Judge: Melvin D. Sandvig, Case: 23CHCV01493, Date: 2023-10-25 Tentative Ruling

Case Number: 23CHCV01493    Hearing Date: October 25, 2023    Dept: F47

Dept. F47

Date: 10/25/23

Case #23CHCV01493

 

DEMURRER & MOTION TO STRIKE

TO THE

ORIGINAL COMPLAINT

 

Demurrer & Motion to Strike filed on 7/5/23.

 

MOVING PARTY: Defendant American Honda Motor Co., Inc.

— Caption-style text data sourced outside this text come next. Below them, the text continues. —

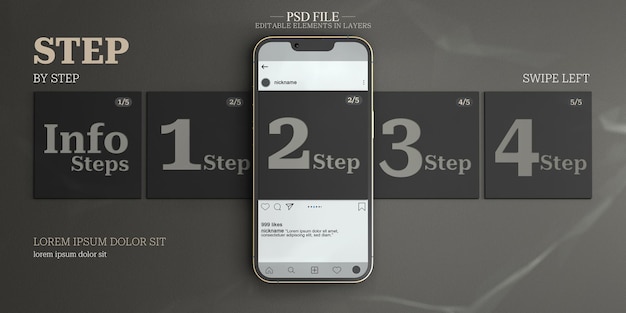 PSD smartphone com renderização 3d de interface de carrossel de mídia social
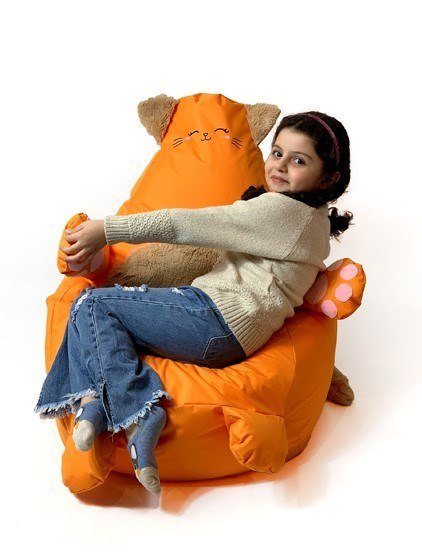 Go Gift Pufa worek sako KOTEK pomarańczowy XL 130x90 Go Gift Pufa worek sako KOTEK pomarańczowy XL 130x90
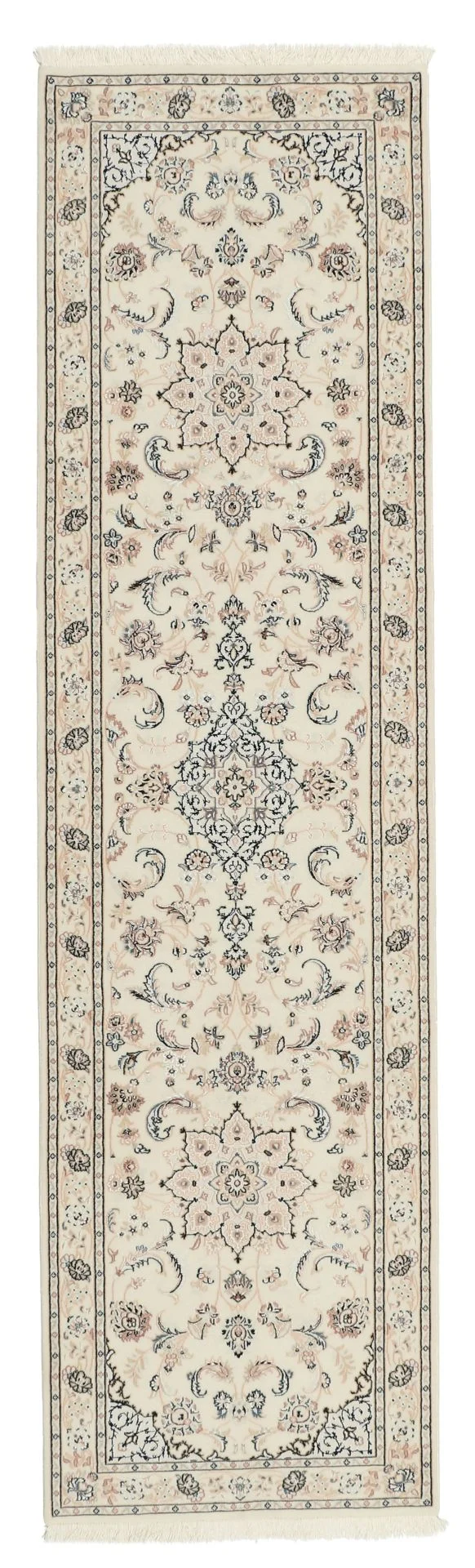 Wool & Silk Nain Persian Rug 82 × 302 cm, hand-knotted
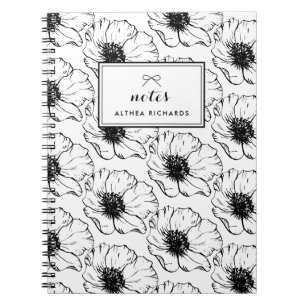 Vintage Schwarz-Weiß-Anemonen-Muster-Notizbuch Notizblock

RESPONDING PARTY: Plaintiff Gerardo Zavala

NOTICE: ok

 

Demurrer is to the 2nd cause of action:

            1.  Violation of Song-Beverly Act – Breach of Express Warranty

            2.  Fraudulent Inducement - Concealment

 

RELIEF REQUESTED IN MOTION TO STRIKE: An order striking Plaintiff’s prayer for punitive damages (p.27:23).

 

RULING: The demurrer is sustained with 30 days leave to amend.

 

SUMMARY OF ACTION & PROCEDURAL HISTORY

 

This action arises out of Plaintiff Gerardo Zavala’s (Plaintiff) purchase of a new 2022 Honda Accord (the Vehicle).  On 5/22/23, Plaintiff filed this action against Defendant American Honda Motor Co., Inc. (Defendant) for: (1) Violation of Song-Beverly Act – Breach of Express Warranty and (2) Fraudulent Inducement - Concealment. 

 

After meet and confer efforts failed to resolve the issues Defendant had with the complaint, on 7/5/23, Defendant filed and served the instant demurrer to the 2nd cause of action for fraudulent inducement - concealment and motion to strike seeking an order striking Plaintiff’s prayer for punitive damages at page 27, line 23 of the complaint.  (See Lacour Decl.).  Plaintiff has opposed the demurrer and motion to strike and Defendant has filed replies to the oppositions.

 

ANALYSIS 

 

Plaintiff’s Request for Judicial Notice is granted.

 

A demurrer may be based on the ground that the complaint fails to state facts sufficient to constitute a cause of action.  CCP 430.10(e).  A demurrer admits the truth of all properly pleaded facts regardless of how unlikely or improbable they may be.  See Aubry (1992) 2 C4th 962, 966-967; Del E. Webb Corp. (1981) 123 CA3d 593, 604.  Allegations in a complaint must be liberally construed with a view toward substantial justice between the parties.  CCP 452. 

 

Plaintiff’s fraudulent inducement – concealment cause of action is based on the claim that Defendant “and its agents concealed the existence and nature of the Honda Sensing Defect from Plaintiff at the time of purchase, repair and thereafter.”  (Complaint ¶71; See also Complaint ¶112).

 

The elements of a fraudulent concealment cause of action are: (1) concealment or suppression of a material fact, (2) a duty to disclose the fact to the plaintiff, (3) intentional concealment or suppression of the fact with the intent to defraud the plaintiff, (4) that the plaintiff was unaware of the fact and would not have acted as he/she did if he/she had known of the concealed or suppressed fact, and (5) as a result of the concealment or suppression of the fact, the plaintiffs sustained damage.  Boschma (2011) 198 CA4th 230, 248; See also Civil Code 1709, 1710.  Additionally, every element of a fraud cause of action must be alleged with factual specificity.  Stansfield (1990) 220 CA3d 59, 73-74.  When pleading fraud against a corporation, a plaintiff must allege the names of the persons who made the misrepresentations, their authority to speak, to whom they spoke, what they said or wrote and when it was said or written.  Tarmann (1991) 2 CA4th 153, 157.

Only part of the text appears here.